Tari Dodogeran Cerminkan Keberagaman Bekasi

  • 07 Mar 2026 06:00 WIB
  •  Talaud

RRI.CO.ID, Talaud - Kota Bekasi, Jawa Barat, memiliki beragam kekayaan seni budaya yang mencerminkan kehidupan masyarakatnya yang majemuk. Salah satu kesenian yang menjadi identitas daerah tersebut adalah Tari Dodogeran, sebuah tarian kreasi yang menggambarkan keberagaman budaya dan semangat kebersamaan warga Bekasi.

Tari Dodogeran diciptakan oleh seniman tari Eem Biliyanti sebagai bentuk representasi kehidupan sosial masyarakat Bekasi yang terdiri dari berbagai latar belakang budaya dilansir dari laman resmi Pemerintah Kota Bekasi. Melalui gerakan, musik, hingga kostumnya, tarian ini menampilkan perpaduan unsur budaya Betawi, Sunda, dan Tionghoa yang telah lama hidup berdampingan di wilayah tersebut.

Perpaduan budaya tersebut tampak jelas dalam ragam gerak tariannya. Beberapa gerakan mengadopsi unsur silat dan gerakan pakblang dari budaya Sunda. Sementara itu variasi gerak rapet nindak mencerminkan karakter tari Betawi yang dinamis. Sentuhan budaya Tionghoa juga terlihat pada penggunaan kostum dan aksesoris yang menambah kekayaan visual dalam pertunjukan.

Tari Dodogeran dikenal dengan gerakannya yang lincah, ceria, dan ekspresif. Pola geraknya relatif sederhana sehingga mudah dipelajari oleh berbagai kalangan termasuk pelajar. Karena sifatnya yang atraktif, tarian ini kerap dipentaskan secara massal dalam berbagai kegiatan baik acara sekolah maupun festival budaya.
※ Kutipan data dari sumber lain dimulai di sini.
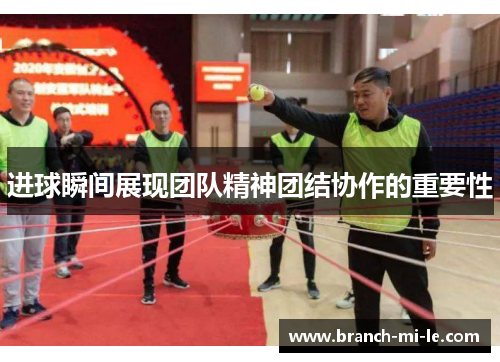 进球瞬间展现团队精神团结协作的重要性 进球瞬间展现团队精神团结协作的重要性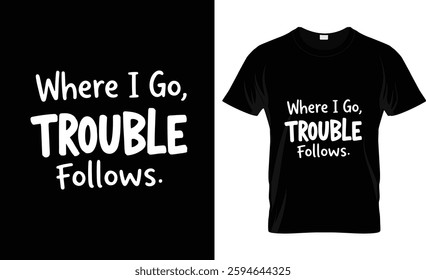 Where I Go, Trouble Follows t shirt design 
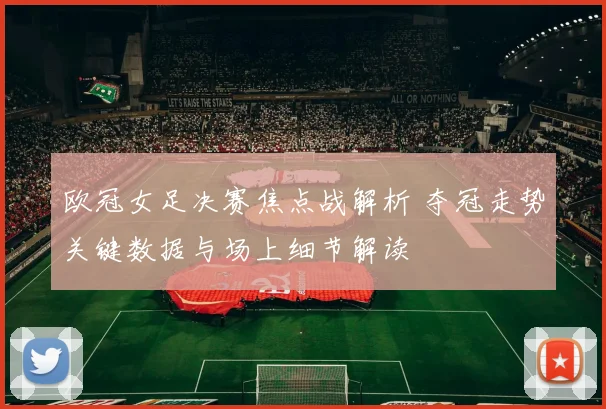 欧冠女足决赛焦点战解析 夺冠走势关键数据与场上细节解读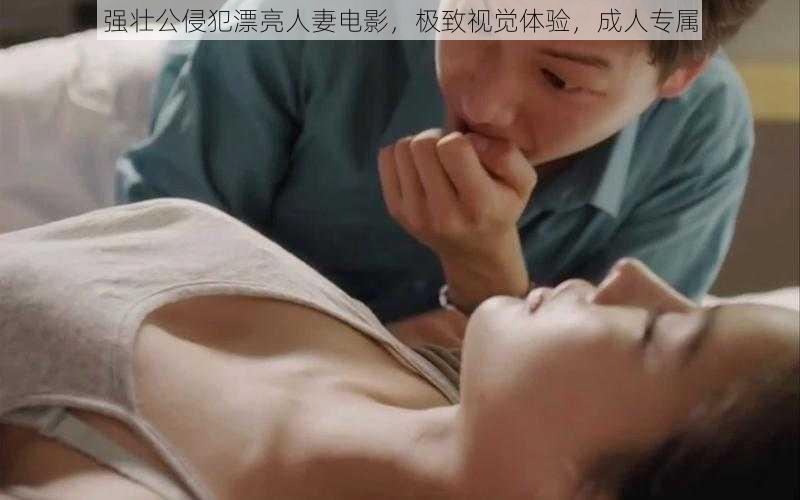 强壮公侵犯漂亮人妻电影，极致视觉体验，成人专属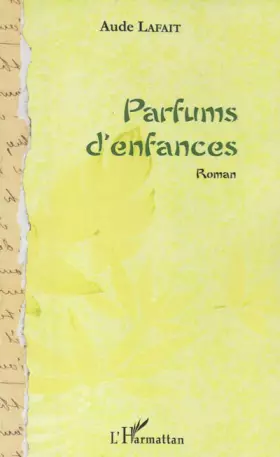 Couverture du produit · Parfums d'enfance roman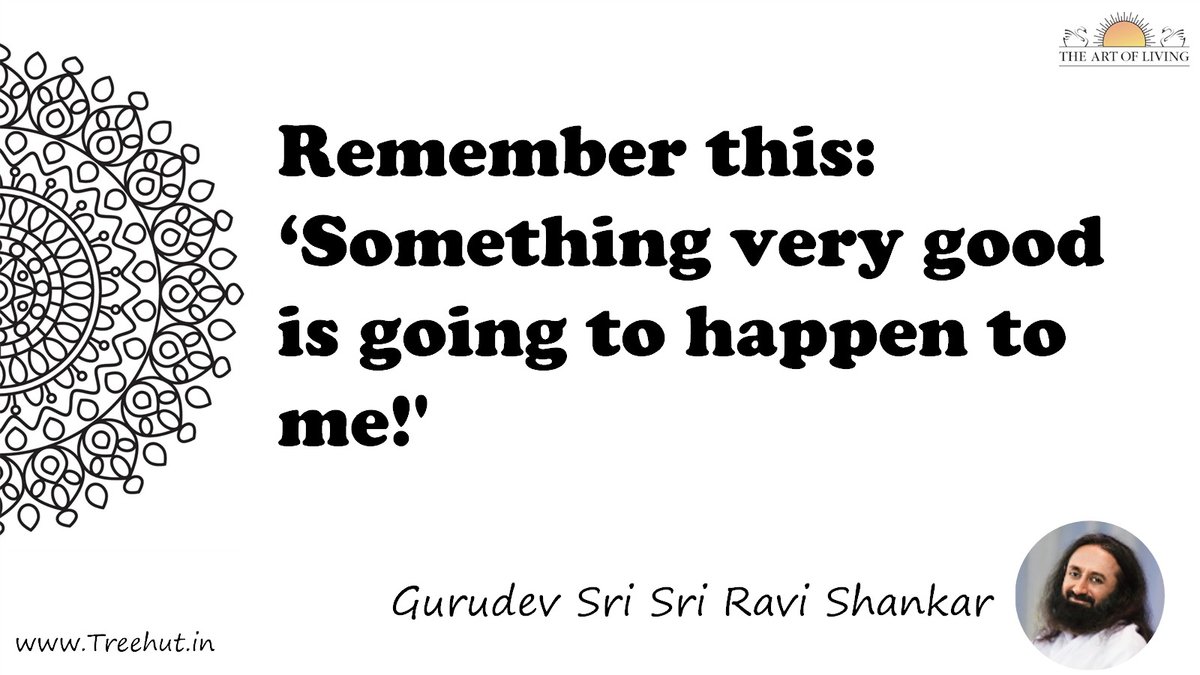 Remember this: ‘Something very good is going to happen to me!' Quote by Gurudev Sri Sri Ravi Shankar, coloring pages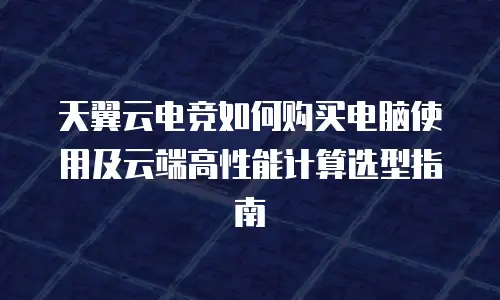 天翼云电竞如何购买电脑使用及云端高性能计算选型指南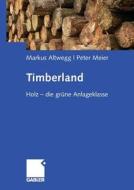 Timberland di Markus Altwegg, Peter Meier edito da Springer Fachmedien Wiesbaden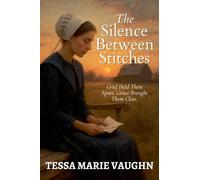 The Silence Between Stitches: Grief Held Them Apart. Grace Brought Them Close.: 1 (Quiet Hearts of Lancaster)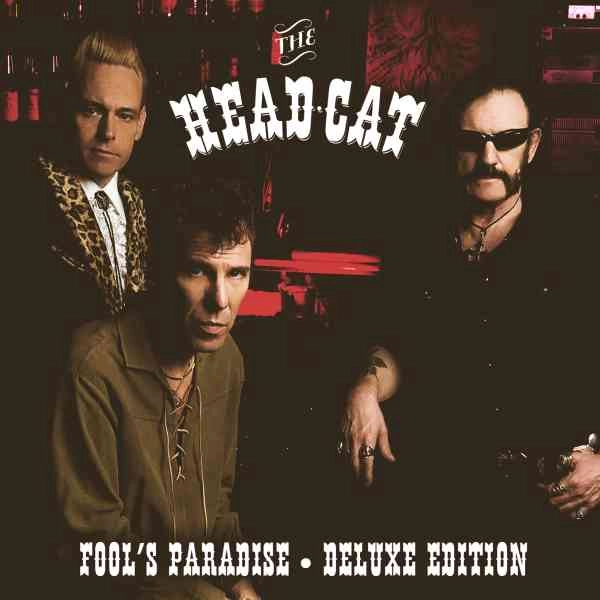 HEAD CAT / ヘッド・キャット / FOOL'S PARADISE DELUXE EDITION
Busana para penari umumnya didominasi warna-warna cerah seperti kuning, merah, dan merah muda. Paduan warna tersebut diperkaya dengan aksesoris khas daerah yang menambah kesan enerjik dan meriah pada penampilan tari.

Tidak hanya berfungsi sebagai hiburan, Tari Dodogeran juga membawa pesan penting tentang toleransi dan persatuan dalam keberagaman. Melalui seni tari ini, masyarakat Bekasi menunjukkan bahwa perbedaan budaya dapat menjadi kekuatan yang menyatukan.

Hingga kini, Tari Dodogeran rutin ditampilkan dalam berbagai perayaan dan agenda kebudayaan di Kota Bekasi sebagai simbol keharmonisan masyarakat multietnis yang hidup di daerah tersebut.